- **About this exercise**: Could you copy exactly the lines below, beginning at the line with "24in Excavator Tooth Bucket" and stopping after the line with "Sofia online show from 03-12-26, 10:27", with no pictures?

- **Records supplied**:
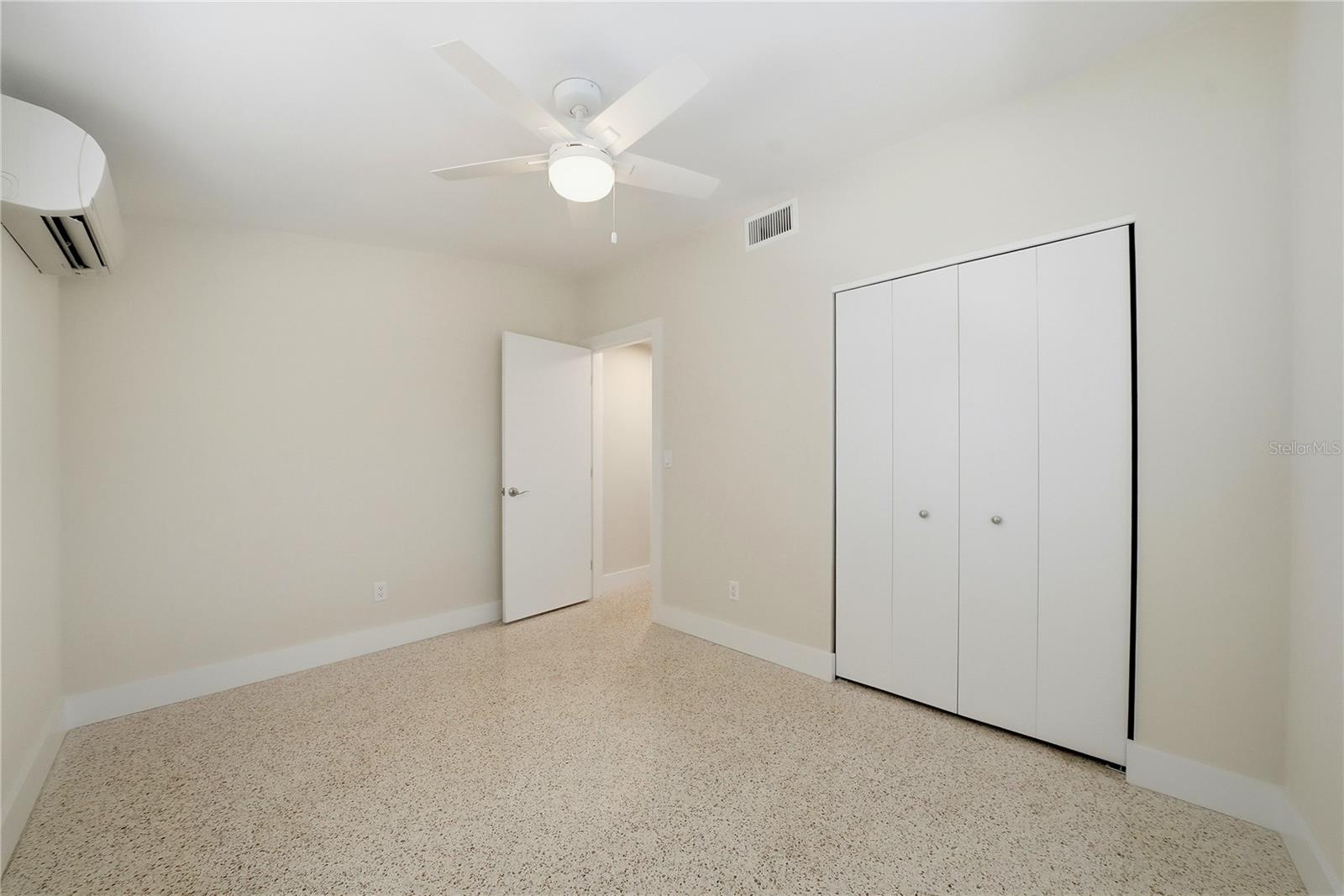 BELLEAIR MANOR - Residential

==

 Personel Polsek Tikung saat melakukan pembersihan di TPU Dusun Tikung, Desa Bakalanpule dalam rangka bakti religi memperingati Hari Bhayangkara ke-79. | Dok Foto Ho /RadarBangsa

* * *

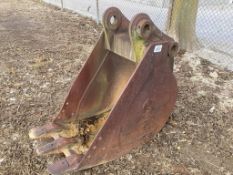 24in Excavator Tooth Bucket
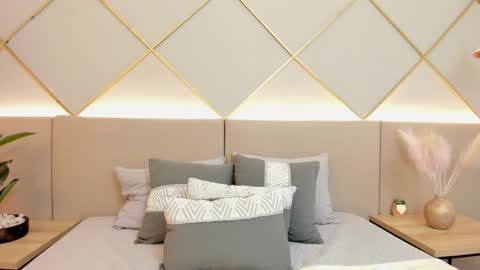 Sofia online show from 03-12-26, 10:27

- **Exercise response**:
 24in Excavator Tooth Bucket
 Sofia online show from 03-12-26, 10:27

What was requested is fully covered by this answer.